▼

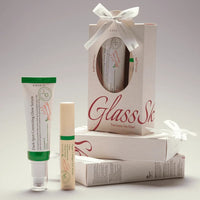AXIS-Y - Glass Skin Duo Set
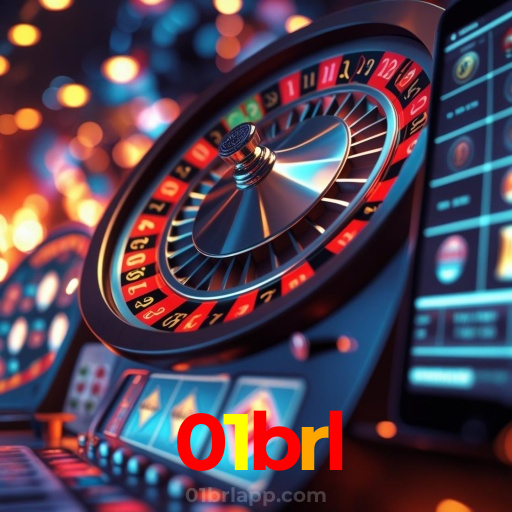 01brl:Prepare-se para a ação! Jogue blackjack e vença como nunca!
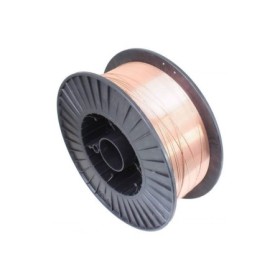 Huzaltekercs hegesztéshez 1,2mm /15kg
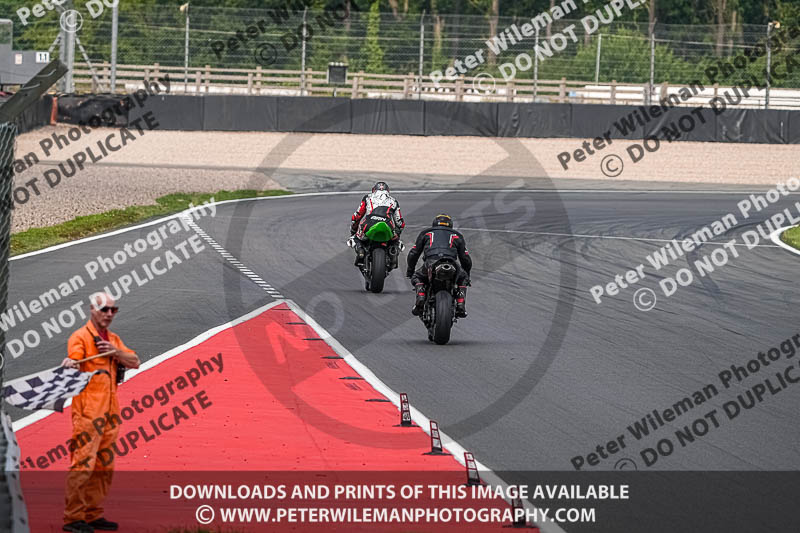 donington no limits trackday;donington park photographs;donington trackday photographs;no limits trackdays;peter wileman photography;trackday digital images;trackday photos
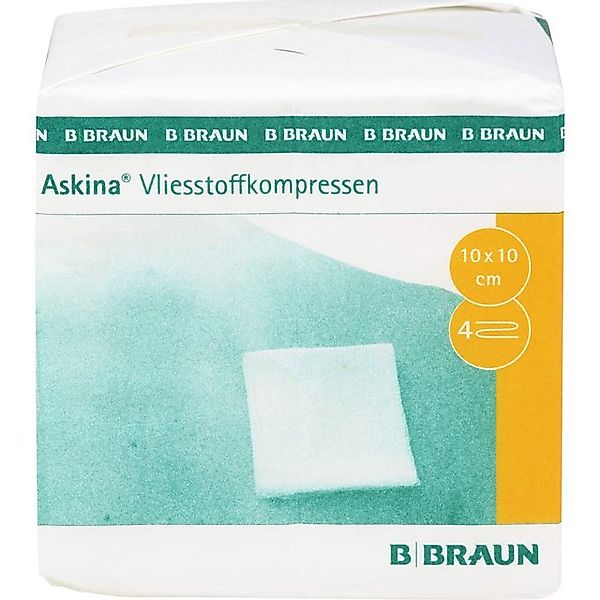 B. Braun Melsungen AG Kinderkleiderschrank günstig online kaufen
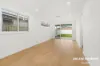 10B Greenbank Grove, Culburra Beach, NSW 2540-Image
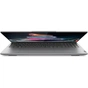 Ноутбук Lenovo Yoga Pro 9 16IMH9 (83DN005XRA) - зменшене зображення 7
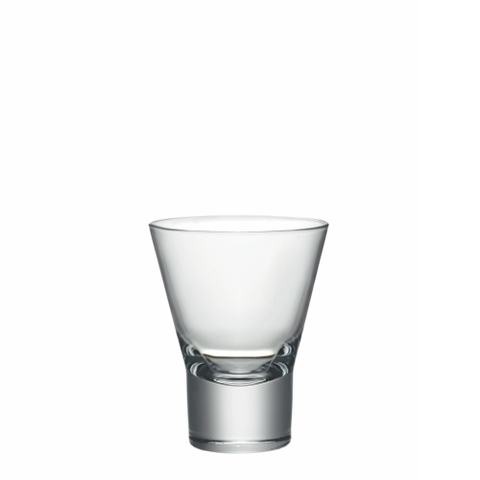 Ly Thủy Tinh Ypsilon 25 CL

▲
▼

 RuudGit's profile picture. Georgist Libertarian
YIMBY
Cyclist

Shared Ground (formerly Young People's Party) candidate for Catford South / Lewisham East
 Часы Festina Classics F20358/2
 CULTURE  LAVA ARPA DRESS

▲

Only one stretch of the data above is needed. Restate it word for word, from the line containing "RuudGit's profile picture." through the line containing "LAVA ARPA DRESS", both ends included.

#### RESPONSE FOR THIS EXERCISE
 RuudGit's profile picture. Georgist Libertarian
YIMBY
Cyclist

Shared Ground (formerly Young People's Party) candidate for Catford South / Lewisham East
 Часы Festina Classics F20358/2
 CULTURE  LAVA ARPA DRESS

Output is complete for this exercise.